Brief -
Output, word for word, each line from the one with "Ein Thai River" through the end of the listing below, excluding every picture.
** Opening Exercise data block **
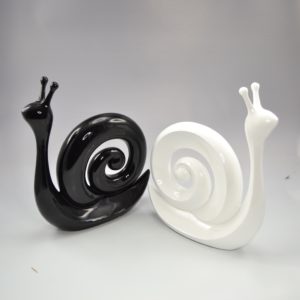 statue-decorative-escargot-deco-noir-blanc-ceramique-boisetdeco-cambresis-nord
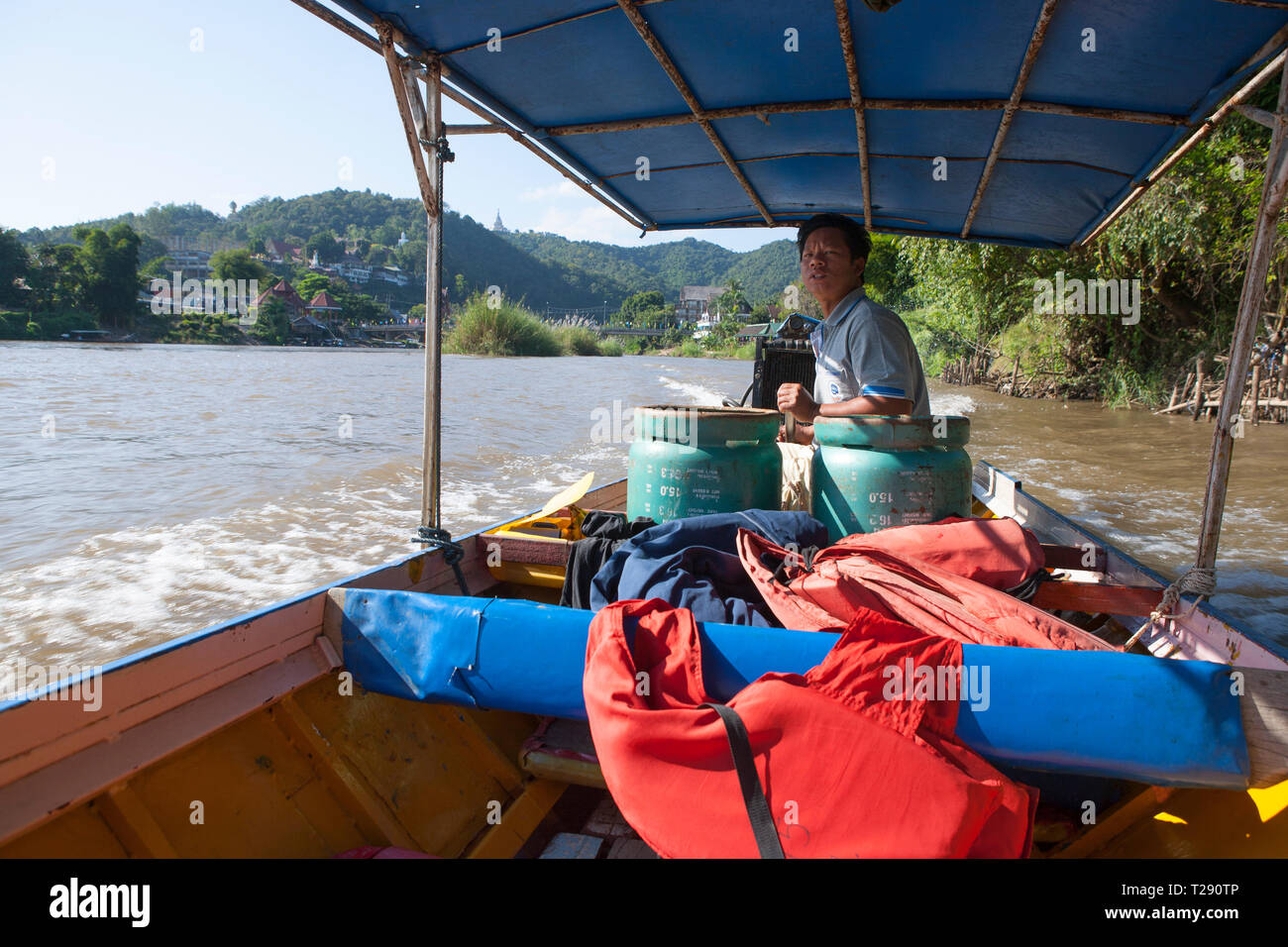 Ein Thai River longboat auf dem Kok River, Thailand Stockfoto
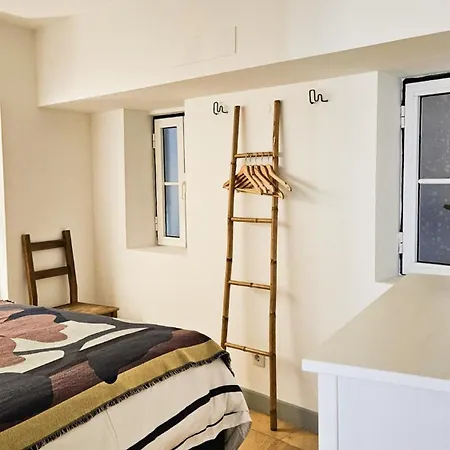 Casa Dos Bicos Charming * Lisbon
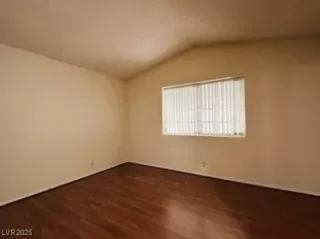 Photo #2: 2661253 Listing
** Closing Exercise data block **
Exercise response -
 Ein Thai River longboat auf dem Kok River, Thailand Stockfoto
 Casa Dos Bicos Charming * Lisbon
 Photo #2: 2661253 Listing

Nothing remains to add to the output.